▶ [What is expected]
Please copy all of the data that follows exactly, leaving any pictures out.
─── Given data
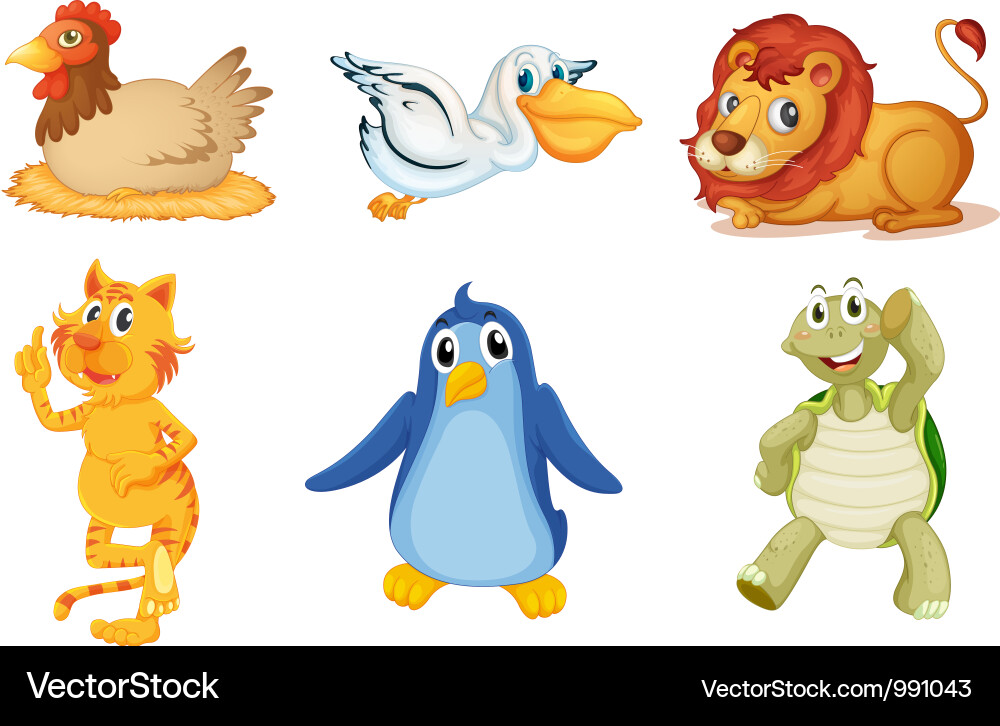 Cartoon Animal Set - Diverse Wildlife Vector Image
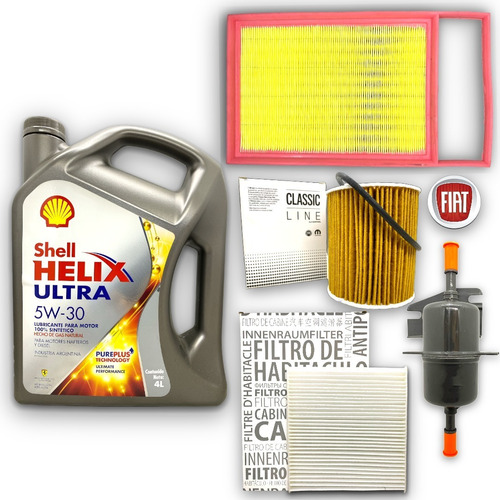 Kit 4 Filtros + 4l Aceite Shell 5w30 Palio Strada 1.6 Etorq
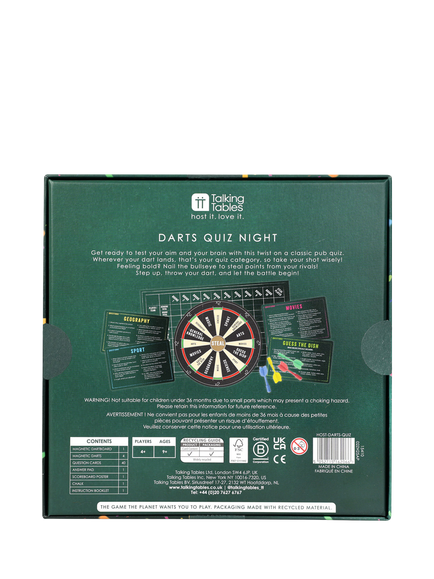 Talking Tables Magnetic Darts Quiz Night - view 2, Multi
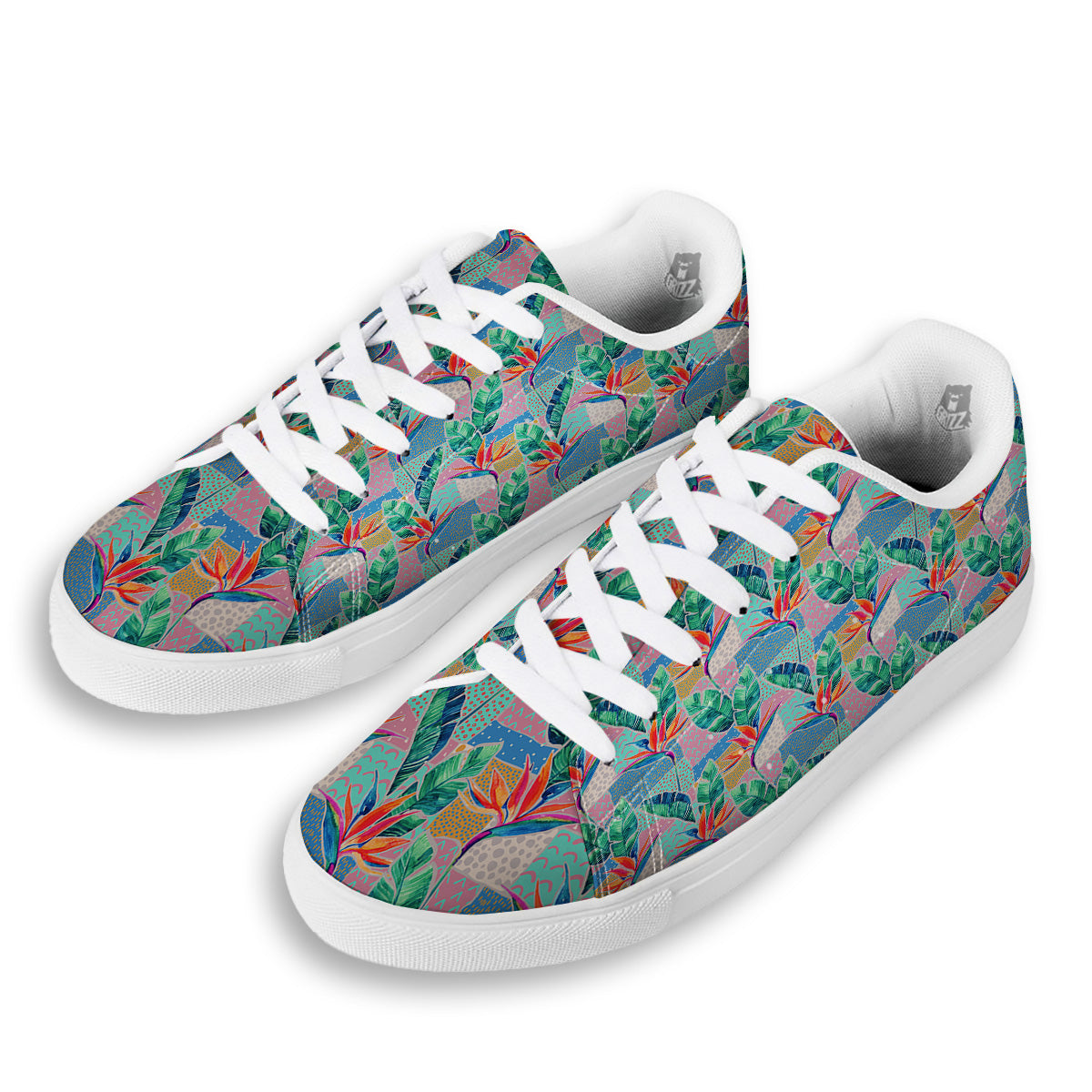 Hand Drawn Watercolor Tropical Print Pattern White Low Top Sneakers-grizzshop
──────
▶ [Solution for this exercise]
 Cartoon Animal Set - Diverse Wildlife Vector Image
 Kit 4 Filtros + 4l Aceite Shell 5w30 Palio Strada 1.6 Etorq
 Talking Tables Magnetic Darts Quiz Night - view 2, Multi
 Hand Drawn Watercolor Tropical Print Pattern White Low Top Sneakers-grizzshop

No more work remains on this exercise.